We’re fortunate that recently in Charlotte, our mayor and the chamber jointly hosted the 2010 Charlotte Chamber Summits: Access to Capital for Small Businesses and Entrepreneurs. It coupled many of the financial experts in our city with 340 entrepreneurs eager to make connections that would help their businesses grow.
I moderated the “Understand your Financial Position” workshop along with expert panelists John Blair, CPA, Blair, Bohle & Whitsitt, PLLC; Tom Davis, SVP, Business Banking, First Citizens Bank; Mary Hall, SVP, Charlotte Regional Credit Officer, BB&T; and Jim Mortimer, Business Counselor, SCORE.
One consistent message I heard throughout the conference was that most business owners are not sure what financing tools are available to them and how to get them.
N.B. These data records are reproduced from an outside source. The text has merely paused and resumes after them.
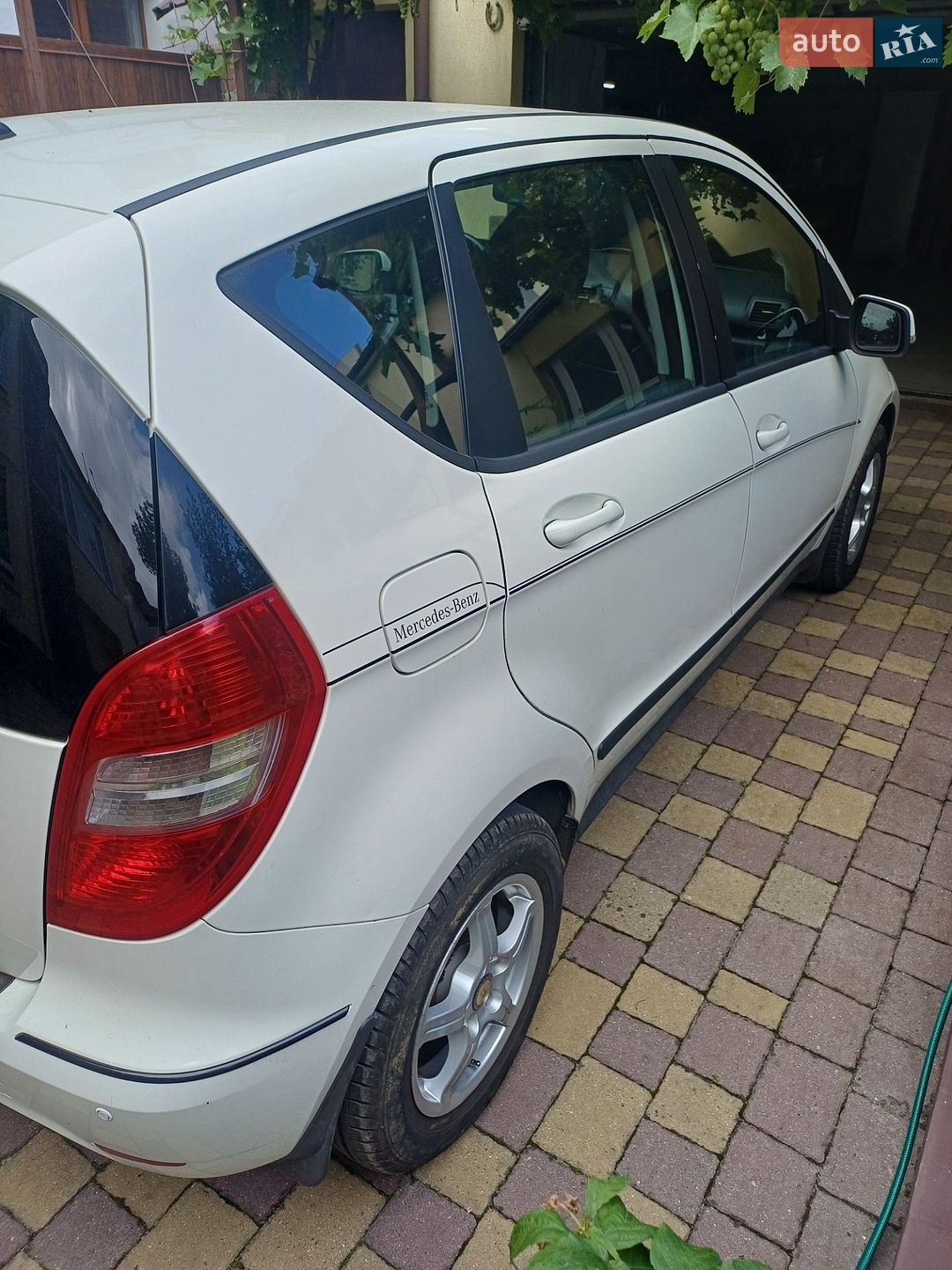 Mercedes-Benz A-Class 2010 VIN WDD1690311J874592 фото оголошення 6 з 18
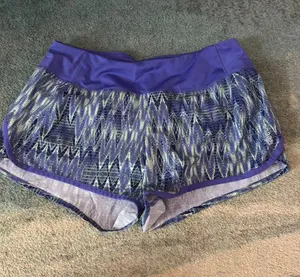 Reebok Women’s Small Athletic Shorts with Built in Underwear thumbnail 1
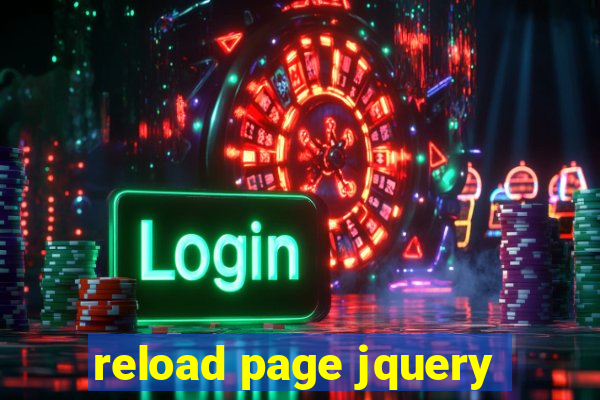 reload page jquery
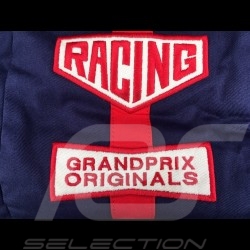 Tee-shirt homme Gulf Racing Grand Prix Originals gulf blue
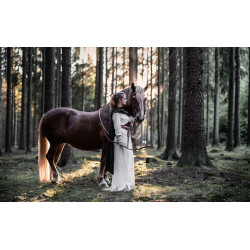 Dárkový poukaz na zážitkové focení s koňmi – náhled 2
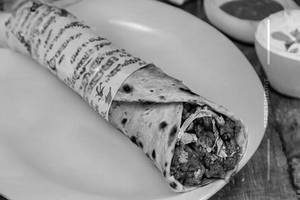 Mutton Keema Roll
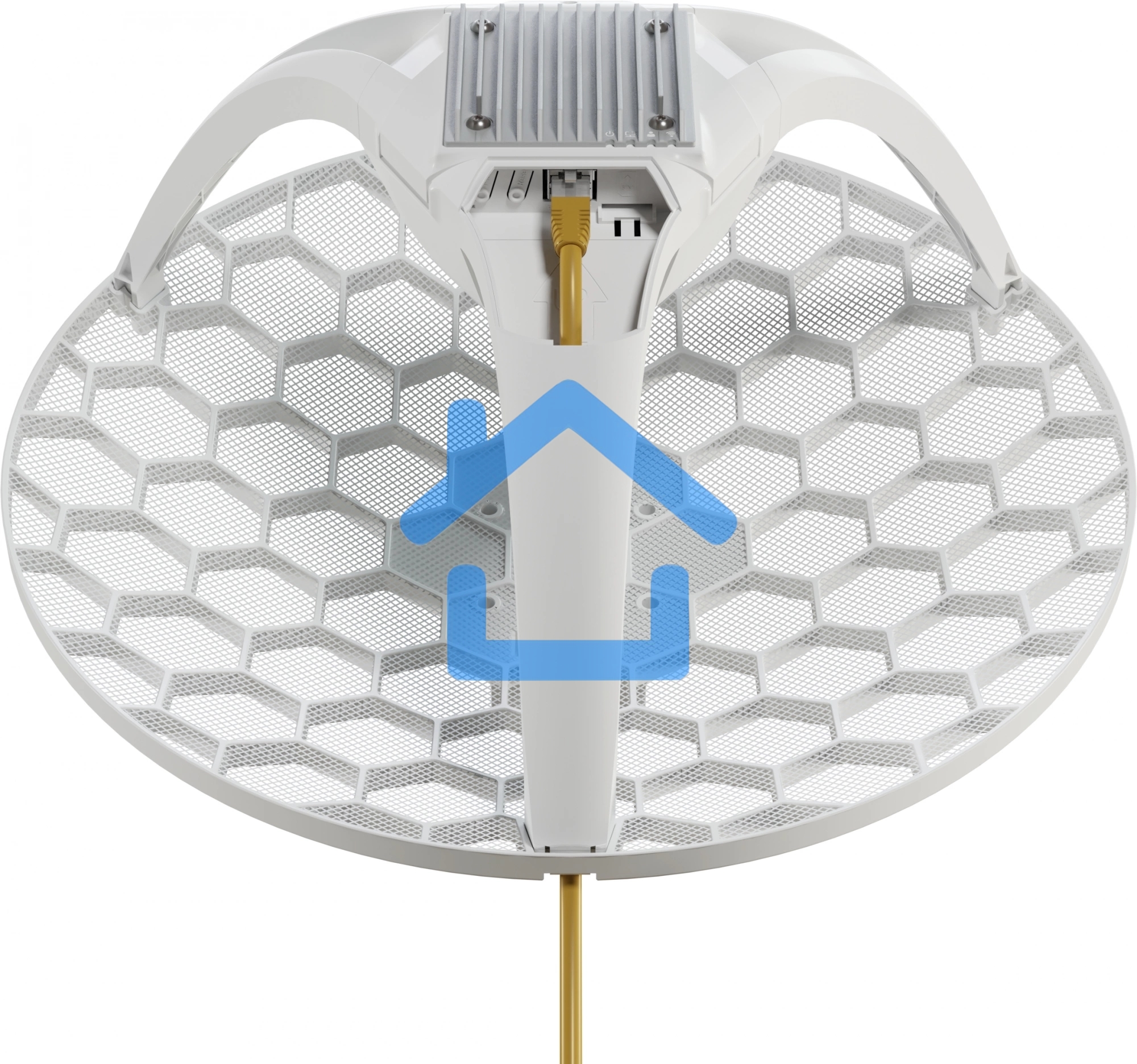 Радиомаршрутизатор LTE-клиент MikroTik LHGGM&EG18-EA LHG LTE18 kit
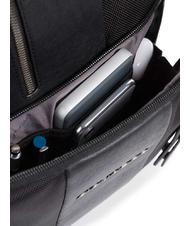PIQUADRO BAG MOTIC 15,6 "PC-Rucksack Schwarz - PC-Rucks&auml;cke - 3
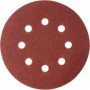 CARTA ABRASIVA VELCRATA LEVIGATRICE GRANA 40 WOKIN
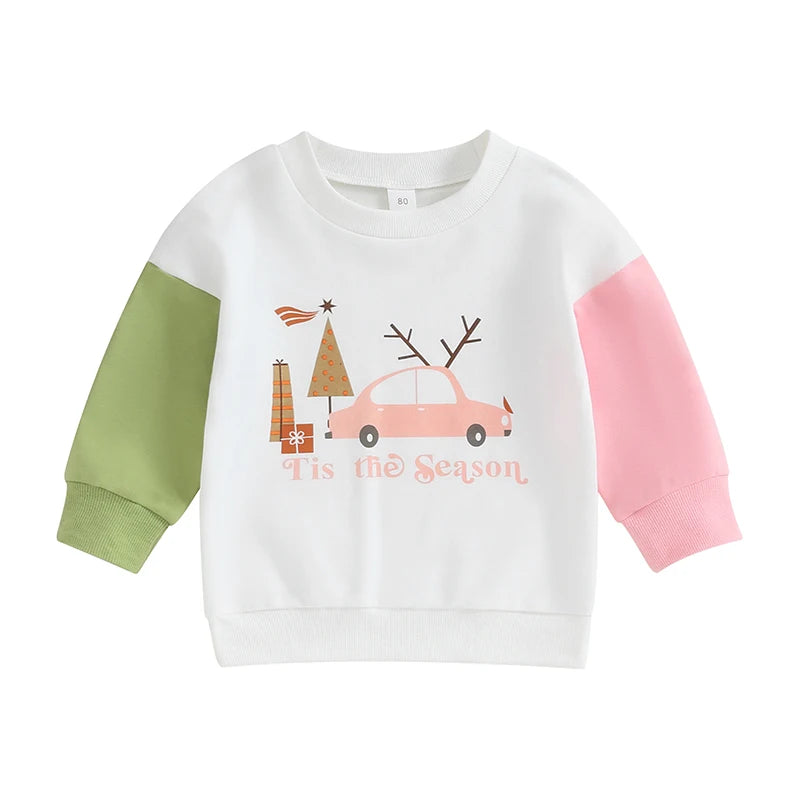 MOMSTAG Baby Boy Sweater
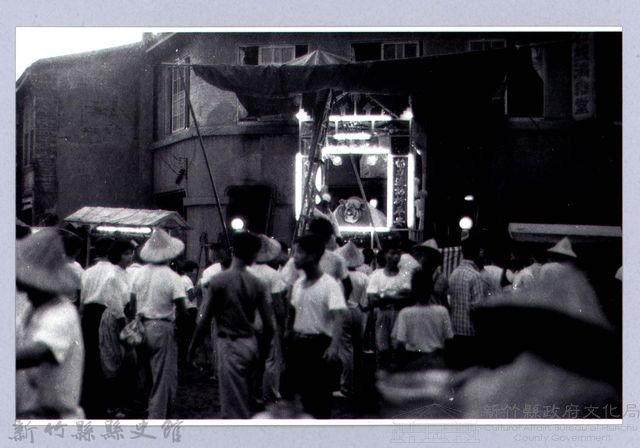 敬奉大神豬㈠－竹東藏品圖，第1張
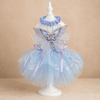 Butterfly Tulle Pet Dress for Dogs and Cats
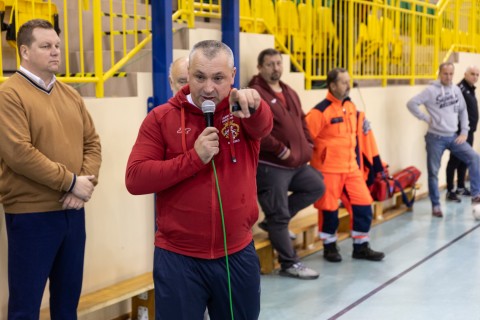 ID: Zawody Rejonowe w Futsalu Dziewcząt i Chłopców, Czchów 20.11.2023r.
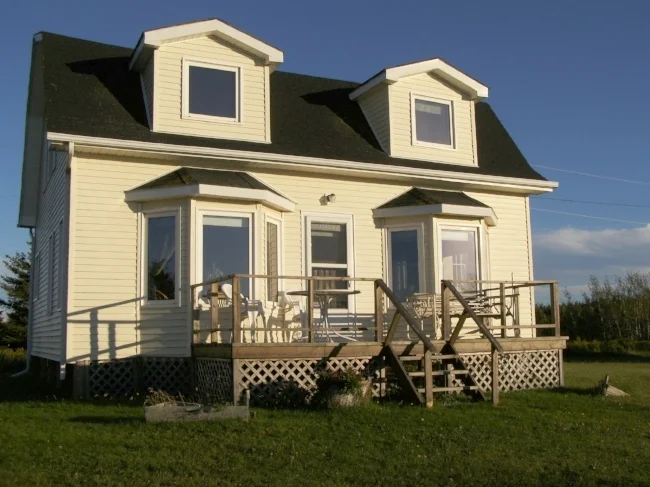 Original Cottage Front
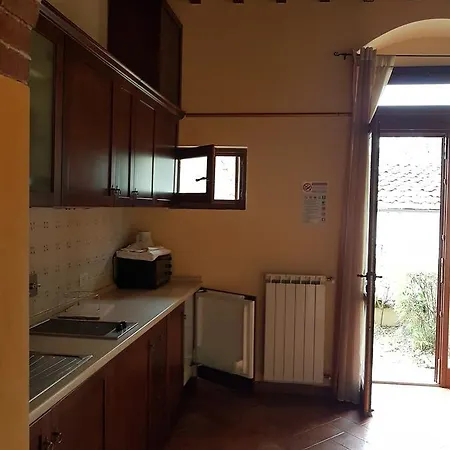 Apartment Borgo La Fratta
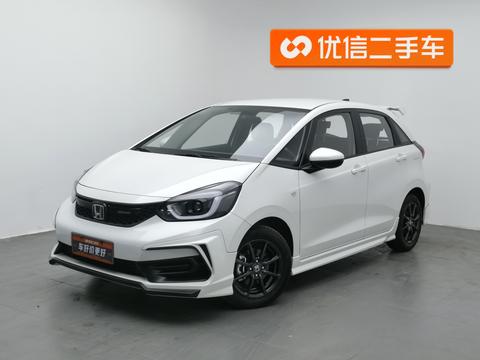 Honda Fit 2024 1.5L CVT MUGEN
In my previously published article “Need Money? Think Private Capital Markets,” I shared with entrepreneurs six different types of capital. To be honest, I felt that even the experts at the conference did not explain those options clearly to the participants. It is a complex financial subject, and most business owners really are not sure about what their financial numbers mean anyway.
That being said, we no longer can afford to do things the way we used to. We all are trying to figure out how to do more with less. So how do you, as business owners, do that? Revisit or innovate your business model and follow up with serious innovation of your products or services. There are many businesses out there doing extremely well, because Successful Entrepreneurs Reconceptualize.
At the end of the day, when your business needs money to expand, you must prepare to talk to your lenders or investors as if they are your mother-in-law. Even though they may not be in your face all the time, you will still feel very motivated to pay off the debt or buy back the equity if you imagine you have borrowed from your mother-in-law. Help your lender or investors understand your business model and how it translates into return on investment for them. Expect to explain it to them in the same way as your mother-in-law would expect when she demands to know when she can get her money back, plus interest – not to mention her other unique aggravations.
Every business has a unique situation, and capital needs are different, depending on which stage the business is in. The good news is there is available money out there and many investors are willing to invest. Other than the cyclical industry, if you have the right business model, along with the right innovative products or services, investors will be eager to talk to you. In addition, you will need to demonstrate how you are going to implement your strategy so your investors and lenders will see a return on their investment. I’m sure your mother-in-law would be interested in that information as well.
Although I prefer not to borrow money from anyone, including my own parents, I do understand the requirement of doing what you have to do. In the absence of available capital to help you grow, perhaps another option is to look into your existing operations such as your receivables and payables processes to make sure you aren’t financing your customer’s purchases.
Your mother-in-law may not be a grizzly bear fresh out of hibernation, but imagine she is. What will you do to prepare to talk to her about your need to dip into her honey jar of ready cash?